ROMA – “Una giunta che lavora, una giunta che guarda avanti”. Sono le parole sibilline scelte da Ignazio Marino a margine dell’inaugurazione del collegamento viario Fidene Villa Spada. Poi aggiunge: «Questa città ha patito corruzione e criminalità, noi abbiamo mostrato discontinuità, questo ponte è stato realizzato in pochi mesi come lavori in Via Marsala. Domani e dopodomani inaugureremo altri cantieri, Roma deve andare avanti».
In mattinata Marino si era fermato invece a lavorare a Palazzo Senatorio, come ogni giorno da quando ha firmato la sua lettera di dimissioni che diventeranno effettive il 2 novembre, salvo ripensamenti. Domenica pomeriggio, affacciato sulla piazza del Campidoglio riempita dalla folla dei suoi sostenitori, aveva infatti lasciato intendere di voler tornare indietro sulla sua decisione.
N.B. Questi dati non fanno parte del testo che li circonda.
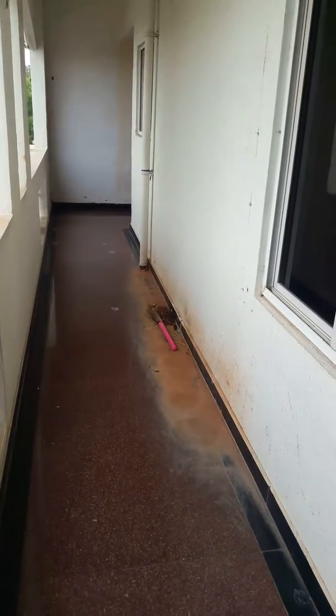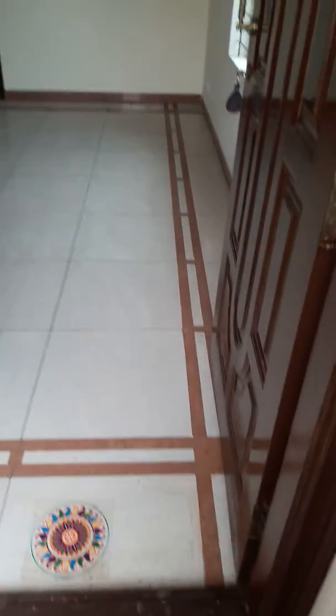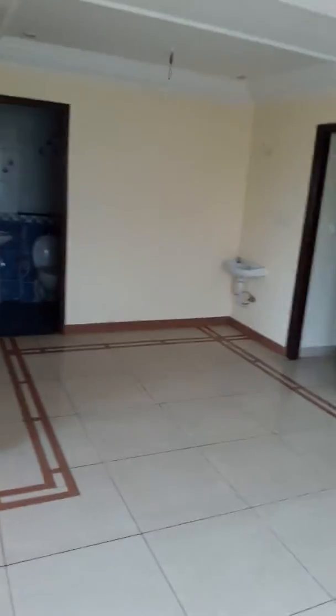Good evening. This is a 2BHK on the second floor in Coffee Board Layout. I'm entering the hall — you can see the false ceiling. That's your dining area.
Un’ipotesi che apre la strada a diversi scenari.
Se Marino dovesse rivedere la sua scelta, si potrebbe arrivare a una mozione di sfiducia – che il Partito democratico dovrebbe però firmare assieme alle opposizioni – o alle dimissoni in blocco di 25 consiglieri (19 del Pd, altri 6 potrebbero emergere tra le altre forze politiche, dal M5s a Fratelli d’Italia).
Su questo il vicesindaco Marco Causi aveva espresso già ieri un’impressione: «A me pare che la posizione di Marino sia quella di un arroccamento privo di sbocco politico».